## Instructions for the task
Leave out every picture and set down, exactly, the lines below from the one holding "Figur 3.4 Oljepris" up to and including the one holding "Slovakia 12 Aminododecanoic".

(Scraped caption text data)
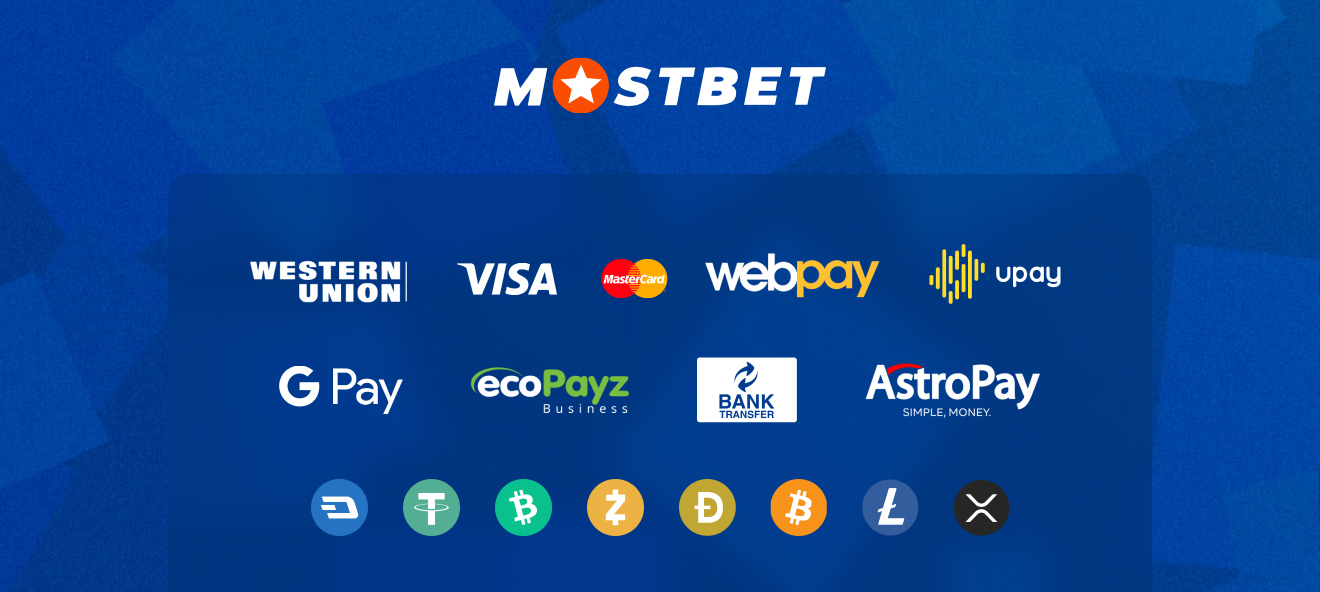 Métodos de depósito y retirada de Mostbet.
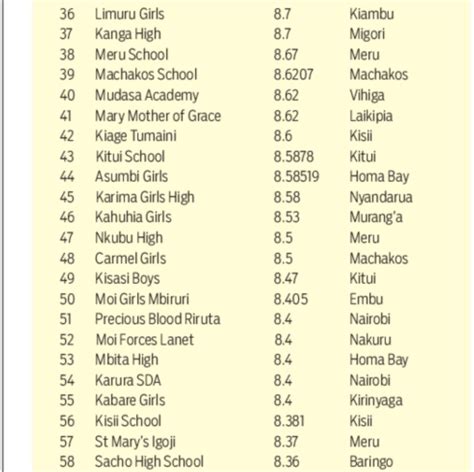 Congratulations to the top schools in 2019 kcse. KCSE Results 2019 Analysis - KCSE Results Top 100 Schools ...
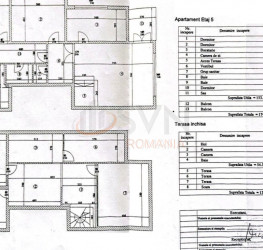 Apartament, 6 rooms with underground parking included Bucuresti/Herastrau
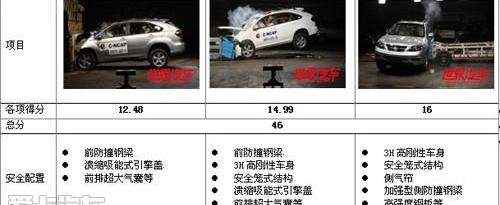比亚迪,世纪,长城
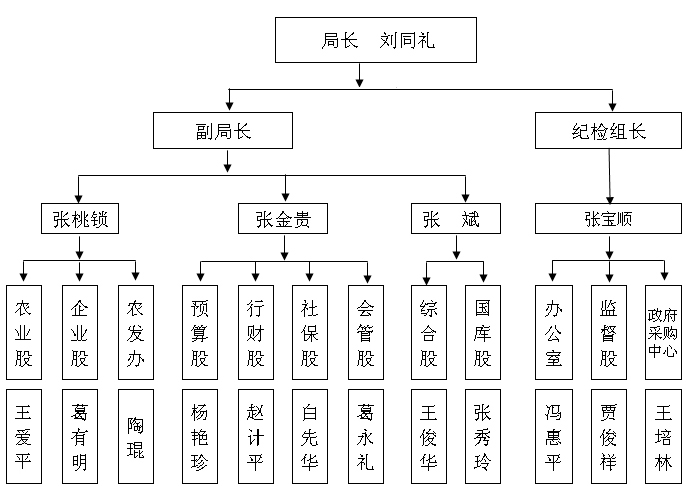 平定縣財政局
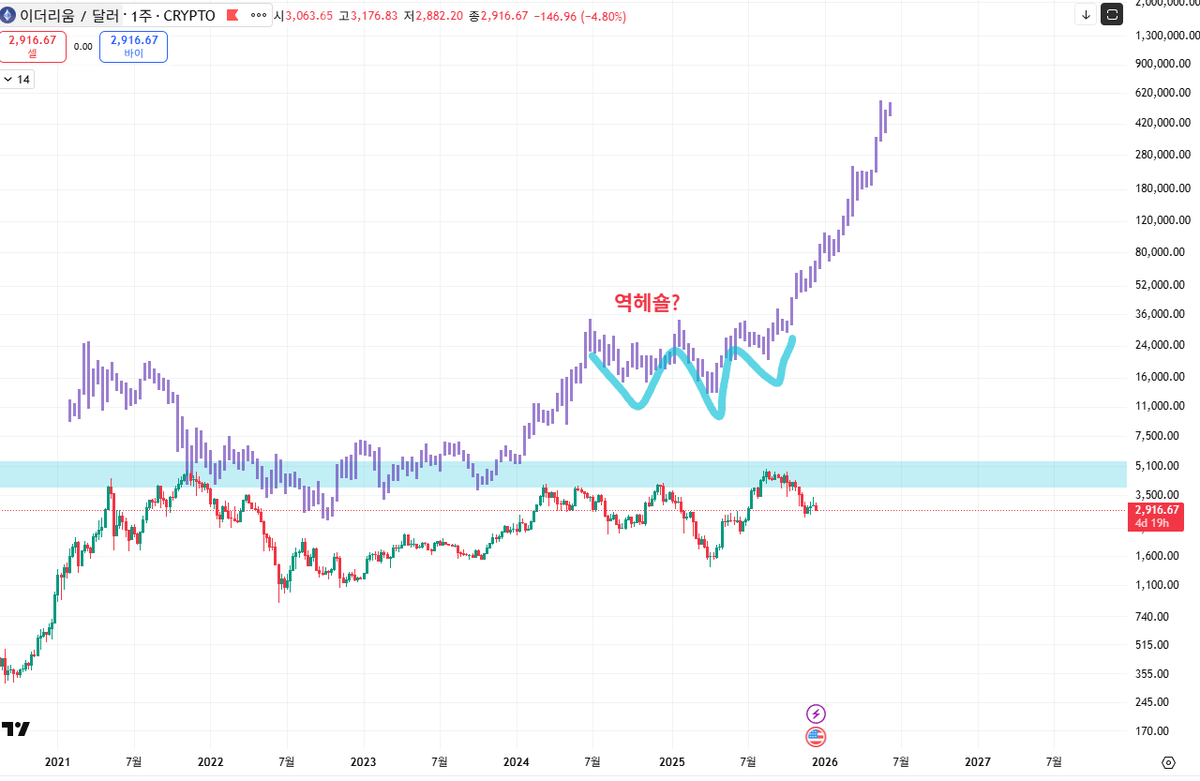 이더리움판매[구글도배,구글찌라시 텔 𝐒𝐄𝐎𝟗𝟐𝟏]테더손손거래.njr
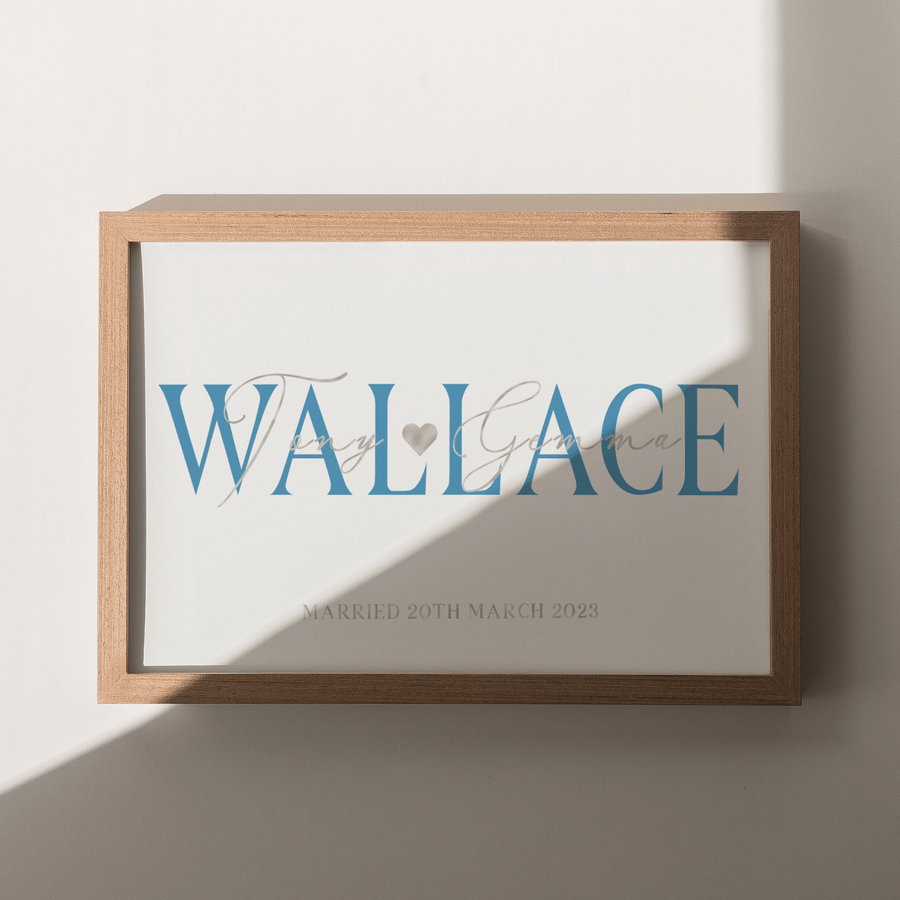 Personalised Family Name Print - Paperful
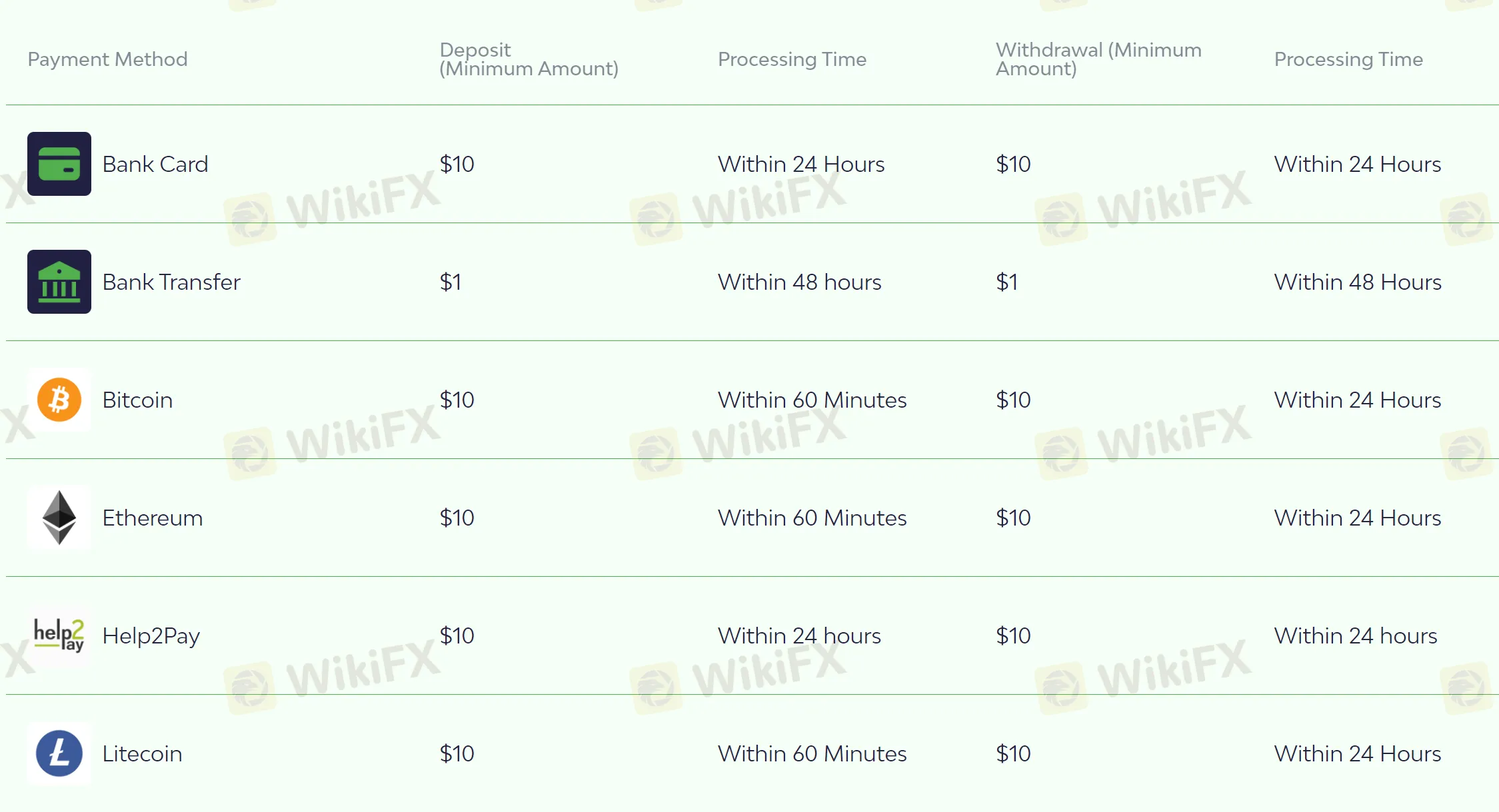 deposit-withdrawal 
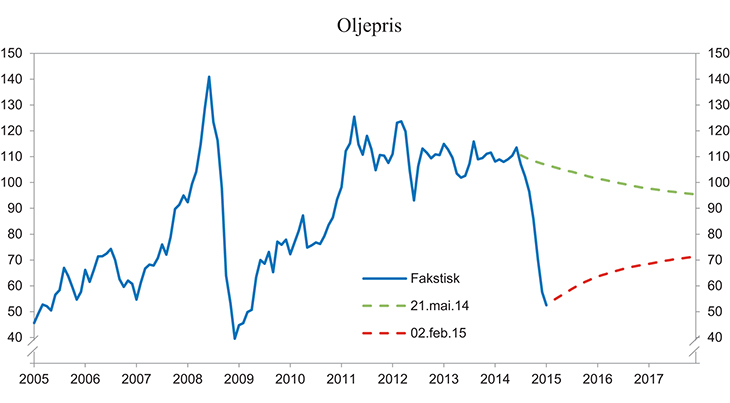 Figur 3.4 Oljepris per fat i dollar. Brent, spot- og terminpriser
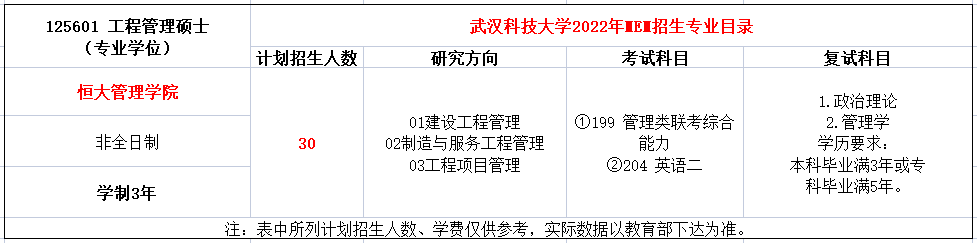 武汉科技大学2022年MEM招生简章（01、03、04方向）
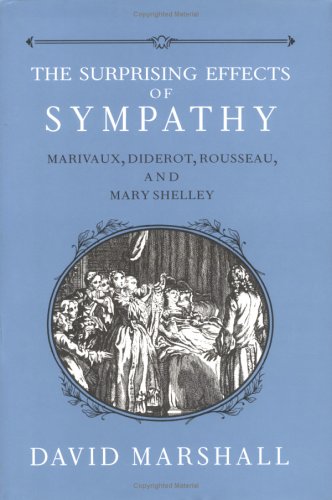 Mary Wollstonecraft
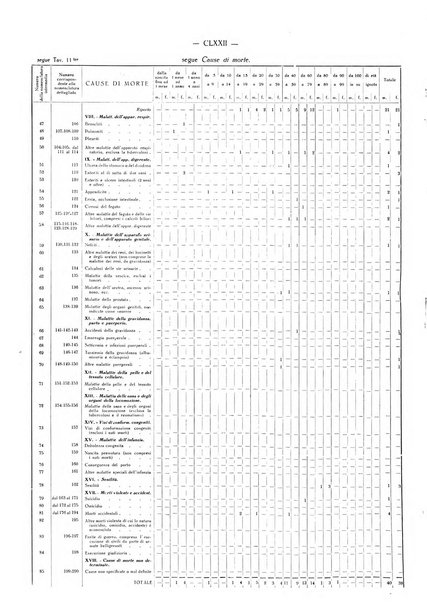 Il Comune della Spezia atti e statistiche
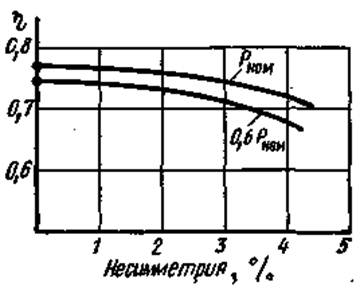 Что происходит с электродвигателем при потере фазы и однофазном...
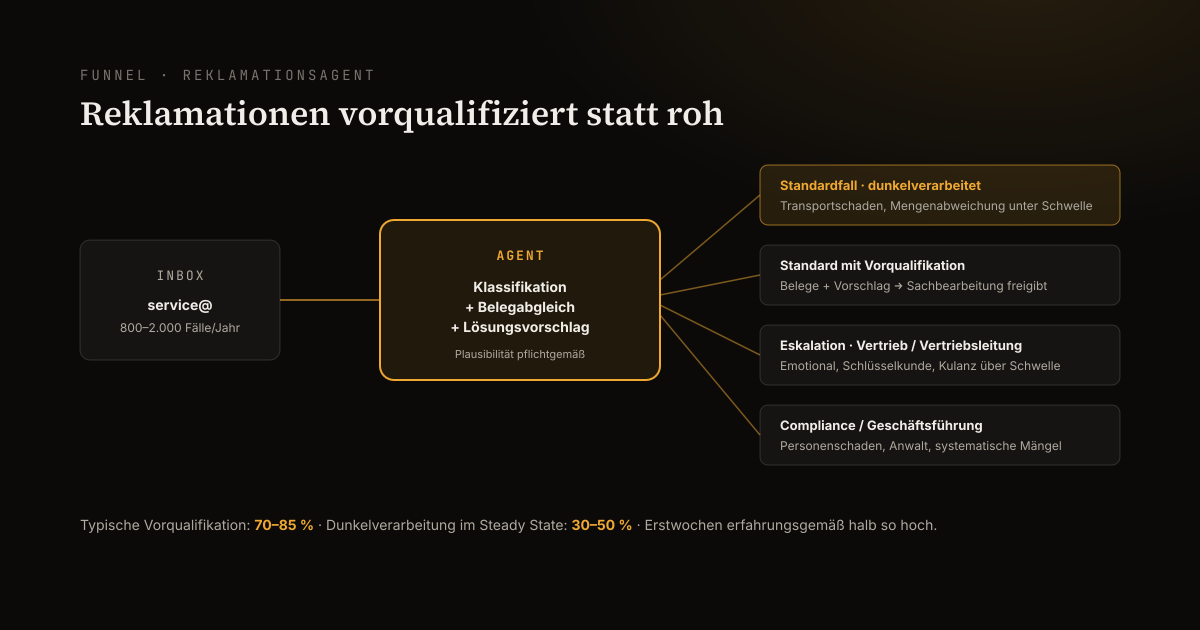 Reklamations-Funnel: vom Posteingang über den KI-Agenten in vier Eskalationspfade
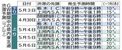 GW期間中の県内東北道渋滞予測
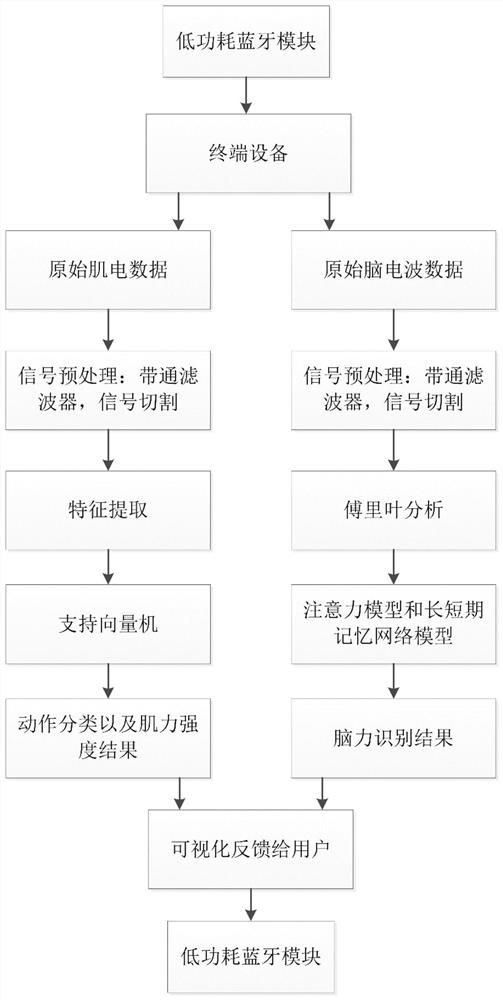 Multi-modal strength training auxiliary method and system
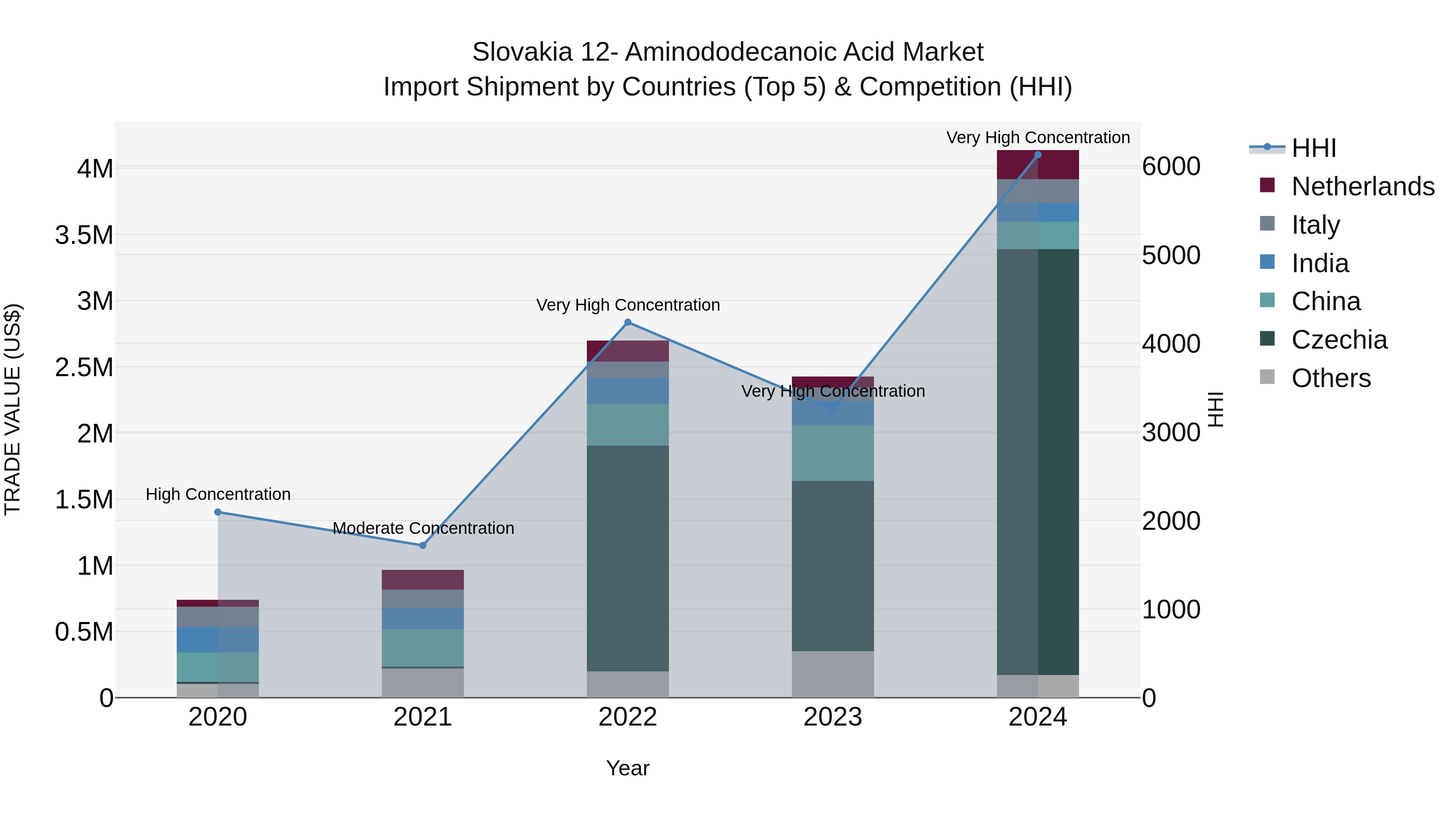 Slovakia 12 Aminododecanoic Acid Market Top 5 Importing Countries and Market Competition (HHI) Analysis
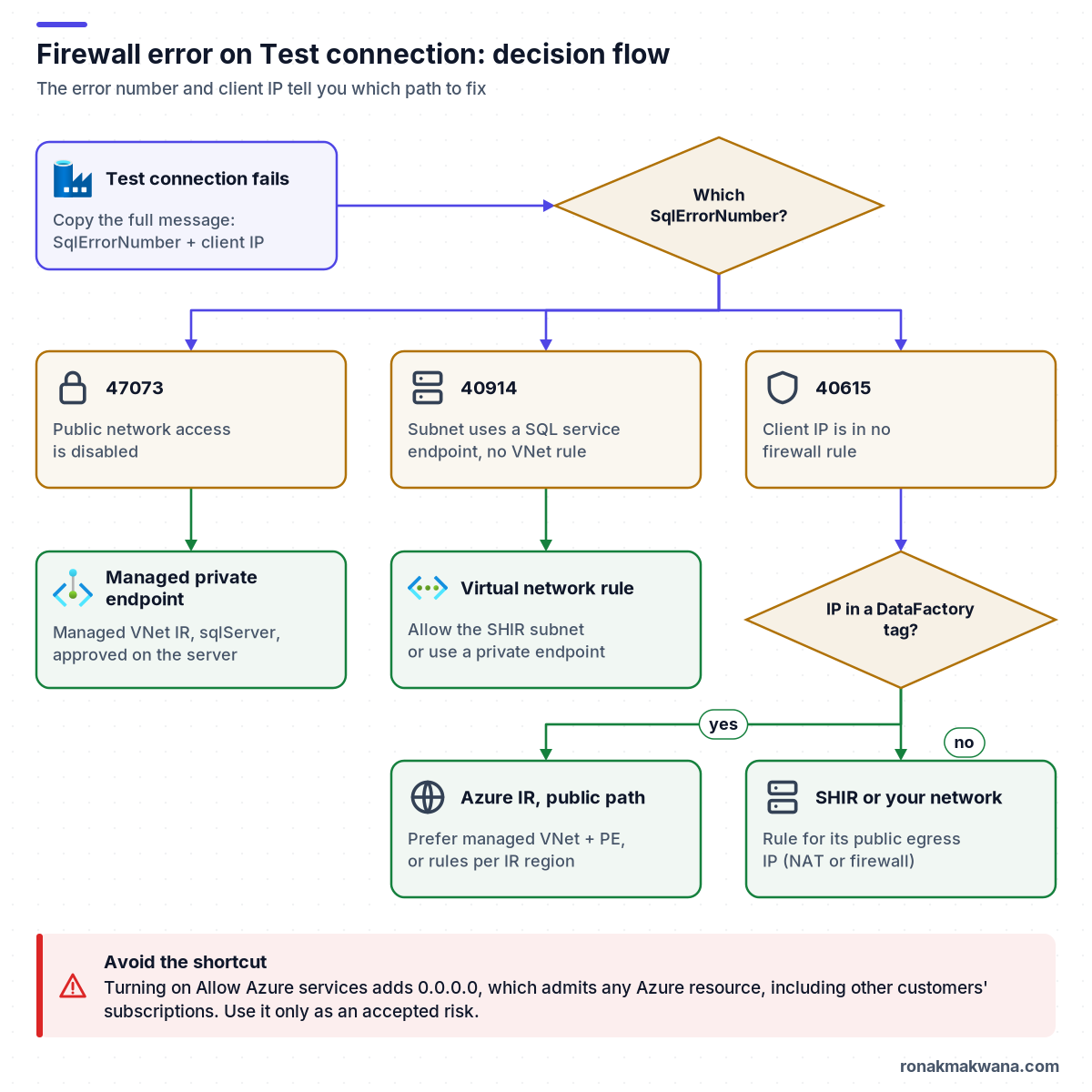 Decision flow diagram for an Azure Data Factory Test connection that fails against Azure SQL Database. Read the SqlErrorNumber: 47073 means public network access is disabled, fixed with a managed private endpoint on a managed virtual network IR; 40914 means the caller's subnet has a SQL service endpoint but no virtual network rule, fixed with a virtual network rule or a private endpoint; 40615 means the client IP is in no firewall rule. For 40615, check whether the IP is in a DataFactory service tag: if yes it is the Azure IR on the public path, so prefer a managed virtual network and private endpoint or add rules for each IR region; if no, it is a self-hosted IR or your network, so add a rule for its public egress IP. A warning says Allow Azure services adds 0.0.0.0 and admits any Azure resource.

## Answer section
 Figur 3.4 Oljepris per fat i dollar. Brent, spot- og terminpriser
 武汉科技大学2022年MEM招生简章（01、03、04方向）
 Mary Wollstonecraft
 Il Comune della Spezia atti e statistiche
 Что происходит с электродвигателем при потере фазы и однофазном...
 Reklamations-Funnel: vom Posteingang über den KI-Agenten in vier Eskalationspfade
 GW期間中の県内東北道渋滞予測
 Multi-modal strength training auxiliary method and system
 Slovakia 12 Aminododecanoic Acid Market Top 5 Importing Countries and Market Competition (HHI) Analysis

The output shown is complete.